TASK OBJECTIVE
Retype each entry verbatim. Do not include the images.

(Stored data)
*-*-*
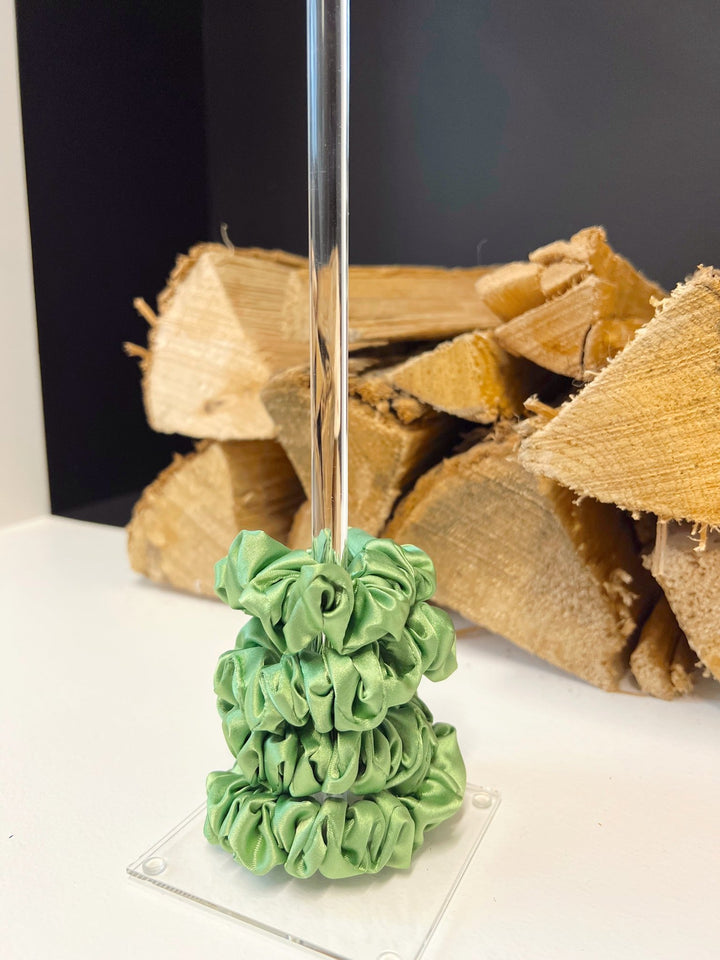 MATCHA - Silk Skinny Scrunchie - Beyond Scrunchies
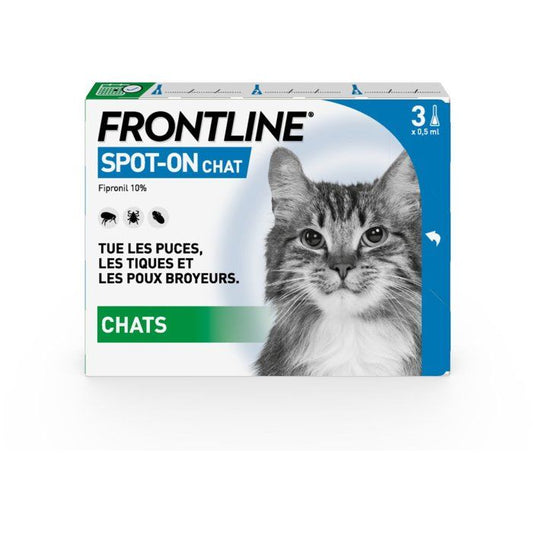 FRONTLINE 3 SPOT ON Pipette antiparassitarie per gatti - Pulci, zecche, pidocchi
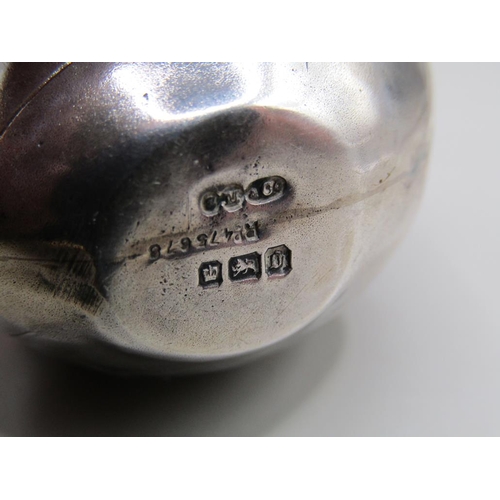 121 - A silver hatching baby bird pin cushion, Chester 1906, 5.5cm w.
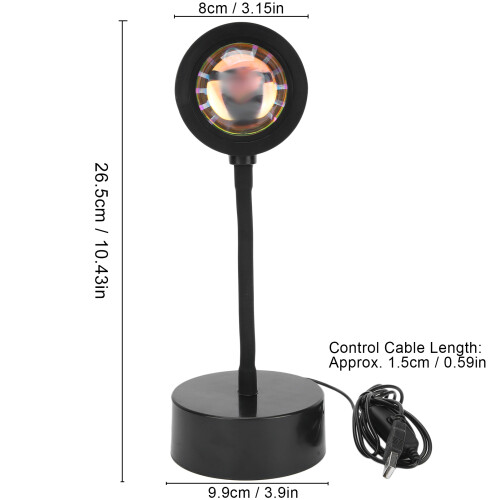Live Room 1# Lampe de projection USB H26.5cm Base9.9cm 2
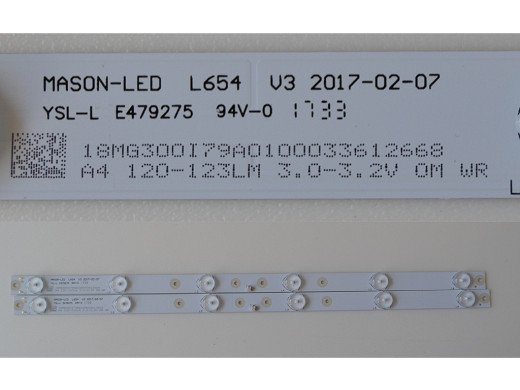 Диодни ленти комплект 2 бр/pcs JL.D23661330-140AS-M_V01 = ZDCX236D06-ZC14F-02 с лепенки за прикрепване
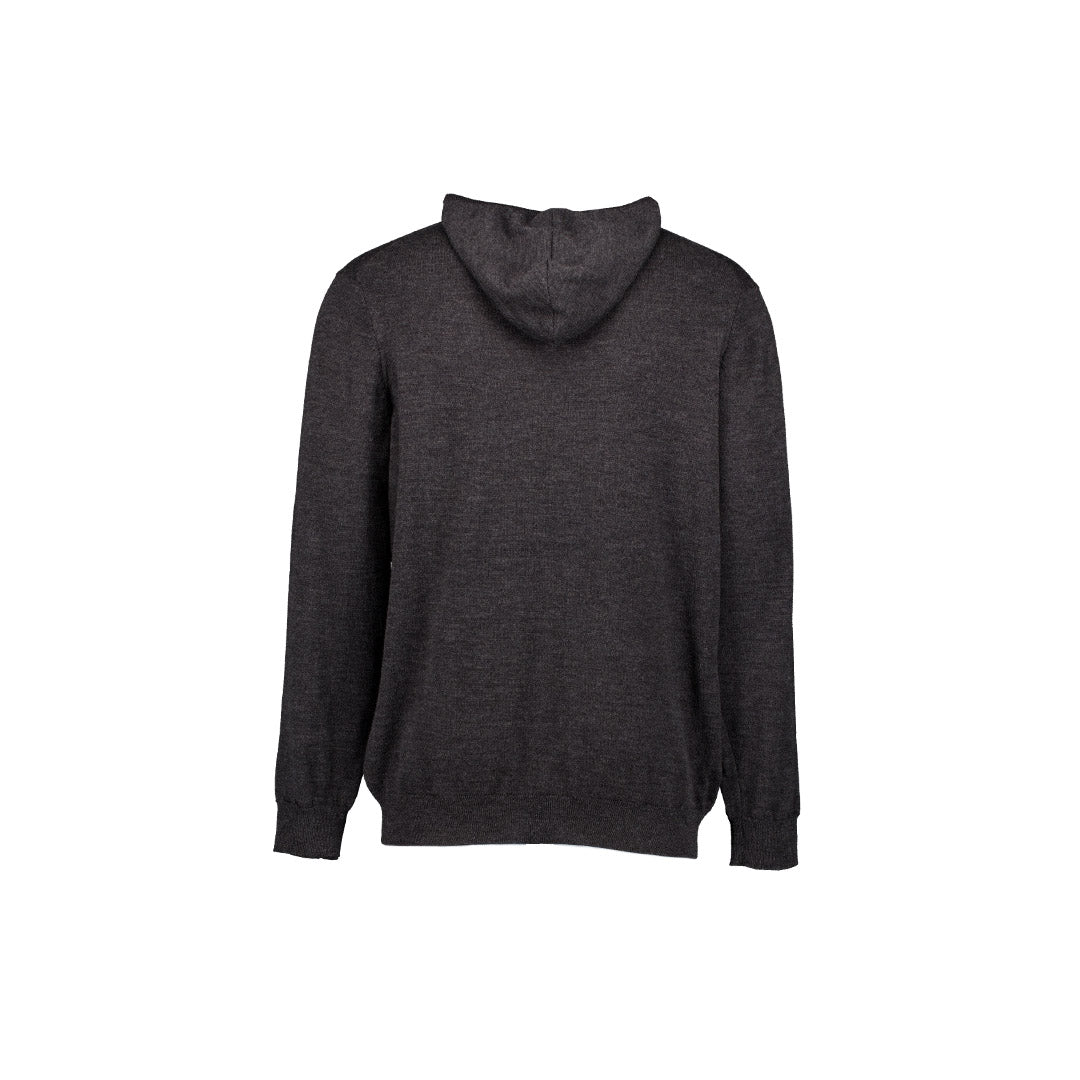 100% Merino Wool Hoodie Charcoal Melange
*-*-*
WRITTEN ANSWER
 MATCHA - Silk Skinny Scrunchie - Beyond Scrunchies
 FRONTLINE 3 SPOT ON Pipette antiparassitarie per gatti - Pulci, zecche, pidocchi
 121 - A silver hatching baby bird pin cushion, Chester 1906, 5.5cm w.
Live Room 1# Lampe de projection USB H26.5cm Base9.9cm 2
 Диодни ленти комплект 2 бр/pcs JL.D23661330-140AS-M_V01 = ZDCX236D06-ZC14F-02 с лепенки за прикрепване
 100% Merino Wool Hoodie Charcoal Melange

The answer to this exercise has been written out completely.